PT ESSA Industries Indonesia Tbk (ESSA) menunjukkan kinerja operasional yang sangat solid sepanjang semester pertama 2026. Meskipun harus melewati periode scheduled turnaround maintenance pada pabrik amoniak utamanya, perusahaan berhasil membukukan lonjakan kinerja keuangan yang signifikan berkat momentum harga komoditas yang sangat mendukung.
Top-line perusahaan tumbuh meyakinkan dengan revenue mencapai USD 186 juta, naik 36% YoY. Efek operating leverage terlihat jelas pada EBITDA yang melesat 48% YoY menjadi USD 73 juta, sementara net profit melonjak lebih dari dua kali lipat (+103% YoY) ke angka USD 30 juta. Pencapaian ini menegaskan kemampuan manajemen dalam memanfaatkan favorable pricing environment di tengah tantangan operasional temporer.
Pendorong utama pertumbuhan ini adalah segmen amoniak. Realized price amoniak ESSA meroket 70% YoY menjadi USD 531 per metrik ton (MT), didorong oleh ketegangan geopolitik global yang terus membatasi suplai. Kenaikan harga yang masif ini lebih dari cukup untuk mengompensasi penurunan volume produksi akibat berhentinya operasi pabrik sementara waktu. Hasilnya, pendapatan dari segmen amoniak naik 43% YoY menjadi USD 166 juta. Sementara itu, bisnis LPG bergerak stabil dengan kontribusi pendapatan sebesar USD 20 juta, ditopang kenaikan realized price sebesar 5% YoY menjadi USD 639/MT.
Dari sisi operasional, penyelesaian turnaround maintenance yang selesai dalam 34 hari—lebih cepat dari target awal 35-38 hari—menjadi katalis penting.
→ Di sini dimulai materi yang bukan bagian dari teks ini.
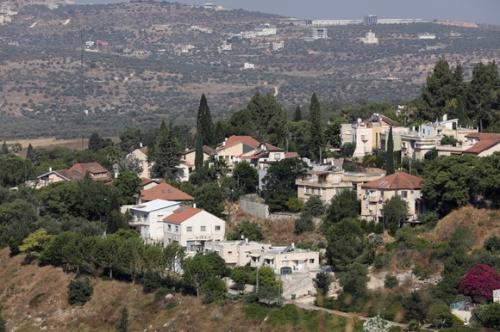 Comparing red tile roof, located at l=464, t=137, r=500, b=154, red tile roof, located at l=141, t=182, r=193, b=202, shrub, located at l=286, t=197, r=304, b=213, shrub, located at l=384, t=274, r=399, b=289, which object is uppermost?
red tile roof, located at l=464, t=137, r=500, b=154

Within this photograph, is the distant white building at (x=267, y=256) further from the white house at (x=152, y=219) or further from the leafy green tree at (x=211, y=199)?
the leafy green tree at (x=211, y=199)

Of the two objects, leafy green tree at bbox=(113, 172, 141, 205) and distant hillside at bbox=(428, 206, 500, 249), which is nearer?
distant hillside at bbox=(428, 206, 500, 249)

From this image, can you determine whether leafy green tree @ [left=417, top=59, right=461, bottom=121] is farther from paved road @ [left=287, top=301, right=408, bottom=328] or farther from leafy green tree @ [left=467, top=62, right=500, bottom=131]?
paved road @ [left=287, top=301, right=408, bottom=328]

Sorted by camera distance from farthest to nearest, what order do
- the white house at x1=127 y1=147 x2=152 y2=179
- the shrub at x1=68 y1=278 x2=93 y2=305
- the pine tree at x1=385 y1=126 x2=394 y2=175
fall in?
1. the white house at x1=127 y1=147 x2=152 y2=179
2. the pine tree at x1=385 y1=126 x2=394 y2=175
3. the shrub at x1=68 y1=278 x2=93 y2=305

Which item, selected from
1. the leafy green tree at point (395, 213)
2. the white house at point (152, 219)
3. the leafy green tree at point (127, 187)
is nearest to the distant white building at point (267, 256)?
the leafy green tree at point (395, 213)

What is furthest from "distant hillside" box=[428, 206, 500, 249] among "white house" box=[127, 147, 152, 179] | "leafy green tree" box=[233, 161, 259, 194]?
"white house" box=[127, 147, 152, 179]

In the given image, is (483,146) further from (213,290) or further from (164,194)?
(164,194)

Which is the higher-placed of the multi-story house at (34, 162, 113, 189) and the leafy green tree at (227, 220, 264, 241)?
the leafy green tree at (227, 220, 264, 241) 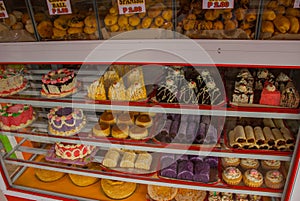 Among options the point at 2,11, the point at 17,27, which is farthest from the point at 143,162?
the point at 2,11

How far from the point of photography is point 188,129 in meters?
2.13

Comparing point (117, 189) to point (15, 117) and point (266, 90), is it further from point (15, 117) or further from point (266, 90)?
point (266, 90)

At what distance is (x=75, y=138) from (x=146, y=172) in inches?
27.0

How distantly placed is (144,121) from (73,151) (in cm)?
74

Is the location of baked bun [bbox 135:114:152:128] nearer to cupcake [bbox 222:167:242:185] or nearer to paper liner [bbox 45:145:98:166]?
paper liner [bbox 45:145:98:166]

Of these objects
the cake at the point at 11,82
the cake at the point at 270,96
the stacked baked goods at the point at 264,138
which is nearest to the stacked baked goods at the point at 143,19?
the cake at the point at 270,96

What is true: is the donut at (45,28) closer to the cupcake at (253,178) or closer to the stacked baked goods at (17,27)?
the stacked baked goods at (17,27)

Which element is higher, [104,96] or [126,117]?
[104,96]

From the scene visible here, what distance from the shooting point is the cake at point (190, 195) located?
7.39ft

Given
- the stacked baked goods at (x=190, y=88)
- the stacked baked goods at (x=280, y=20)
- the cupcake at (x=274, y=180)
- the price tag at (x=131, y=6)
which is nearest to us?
the stacked baked goods at (x=280, y=20)

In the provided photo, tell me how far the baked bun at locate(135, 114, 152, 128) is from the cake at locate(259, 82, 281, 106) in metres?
0.89

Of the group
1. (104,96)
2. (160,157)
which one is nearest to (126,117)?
(104,96)

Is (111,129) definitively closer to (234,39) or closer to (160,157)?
(160,157)

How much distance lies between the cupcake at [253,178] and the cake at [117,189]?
3.35 feet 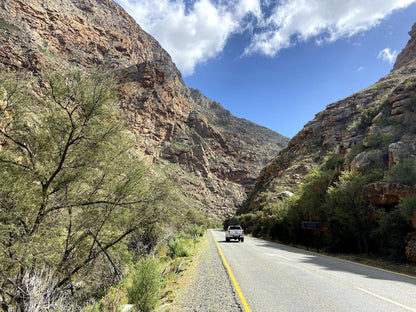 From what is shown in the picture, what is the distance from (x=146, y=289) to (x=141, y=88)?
10611 cm

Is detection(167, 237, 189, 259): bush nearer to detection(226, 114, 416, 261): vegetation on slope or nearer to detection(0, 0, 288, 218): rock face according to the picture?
detection(226, 114, 416, 261): vegetation on slope

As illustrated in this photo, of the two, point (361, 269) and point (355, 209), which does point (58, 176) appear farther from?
point (355, 209)

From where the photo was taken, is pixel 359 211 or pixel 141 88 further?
pixel 141 88

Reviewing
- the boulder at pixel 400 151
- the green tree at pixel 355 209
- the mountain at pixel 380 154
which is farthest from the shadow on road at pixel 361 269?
the boulder at pixel 400 151

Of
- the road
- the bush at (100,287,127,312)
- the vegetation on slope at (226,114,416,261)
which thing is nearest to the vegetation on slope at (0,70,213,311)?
the bush at (100,287,127,312)

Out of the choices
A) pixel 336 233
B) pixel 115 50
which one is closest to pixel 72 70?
pixel 336 233

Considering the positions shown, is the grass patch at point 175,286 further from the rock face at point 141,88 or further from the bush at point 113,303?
the rock face at point 141,88

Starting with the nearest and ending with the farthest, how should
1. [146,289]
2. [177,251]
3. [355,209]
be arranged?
[146,289], [177,251], [355,209]

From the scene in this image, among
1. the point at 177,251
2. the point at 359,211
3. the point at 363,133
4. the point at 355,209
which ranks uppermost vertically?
the point at 363,133

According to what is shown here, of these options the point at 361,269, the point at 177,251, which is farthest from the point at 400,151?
the point at 177,251

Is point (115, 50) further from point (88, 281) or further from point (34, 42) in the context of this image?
point (88, 281)

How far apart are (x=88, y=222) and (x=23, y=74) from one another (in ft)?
17.0

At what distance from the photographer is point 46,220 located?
251 inches

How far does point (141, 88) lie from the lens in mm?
101375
Langkah proaktif ini meminimalkan risiko unplanned shutdown di masa mendatang dan meningkatkan keandalan pabrik untuk paruh kedua tahun ini. Dengan tercapainya zero Lost Time Injury (LTI), efisiensi biaya dan plant reliability pasca-pemeliharaan diharapkan mampu menopang volume produksi yang lebih tinggi di sisa tahun ini.
Melihat ke depan, keberlanjutan kinerja ESSA akan sangat bergantung pada arah pergerakan harga amoniak global. Namun, dengan efisiensi pabrik yang meningkat pasca-pemeliharaan, downside risk terhadap margin dapat diredam melalui struktur biaya operasional yang lebih optimal.